The Intel Pentium Pro and Pentium II CPUs have hardware support for counting any two of several dozen low-level hardware events. For example, I-cache misses can be precisely measured with the counters. By default, the counters cannot be read or programmed from user mode. If the PCE bit in control register 4 is set, then the counters can be read from user mode, but they still must be set from kernel mode. The pmc device driver module sets this PCE bit at module load time to allow subsequent user mode programs to read the values of the counters with the rdpmc instruction.
Note that the Pentium and Pentium with MMX CPUs are very different under the hood from the Pentium Pro and Pentium II CPUs. The Pentium and Pentium with MMX cpus have different performance counters which are accessed in different ways. The pmc device driver does not support the Pentium nor the Pentium with MMX. It looks easy enough to add this support, but I don't have one of these CPUs to test on. Let me know if you'd like to donate appropriate code, or use of such a CPU to develop such code on. 486 and previous are right out.

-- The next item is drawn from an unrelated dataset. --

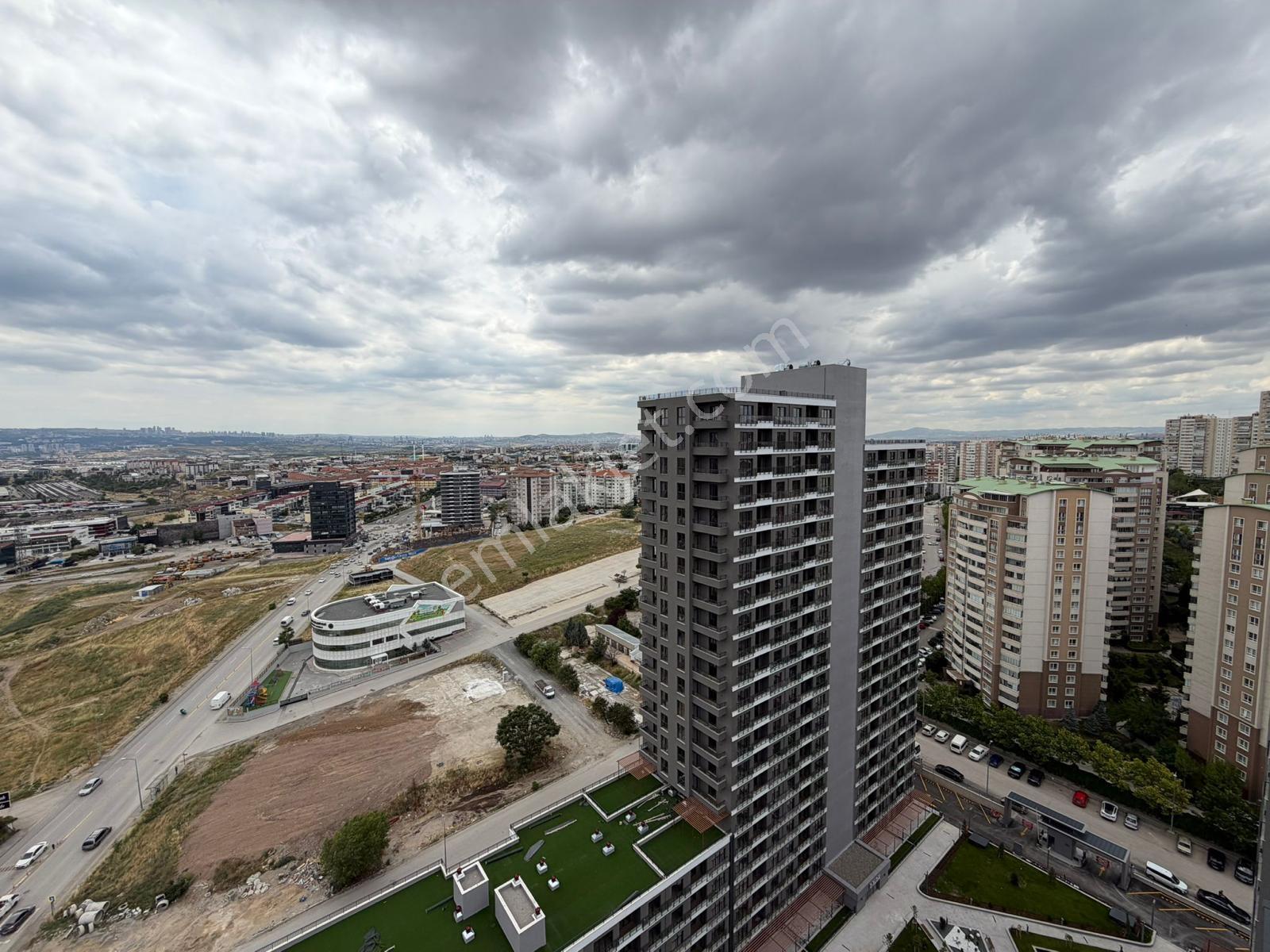 Polat Live Emlaktan 'tan Relax Cadde Sitesi Satılık 1+1 — fotoğraf 18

The pmc driver provides ioctls to program each of the two counters to count any of the available events.
Also in this distribution is the pmcTime program, which provides an easy way to measure these events from the command line.
The Intel Architecture Developer's Manual, volume 3, availabile from Intel describes the counters in more detail.
I doubt that this code will run on these processors. If you try though, please let me know.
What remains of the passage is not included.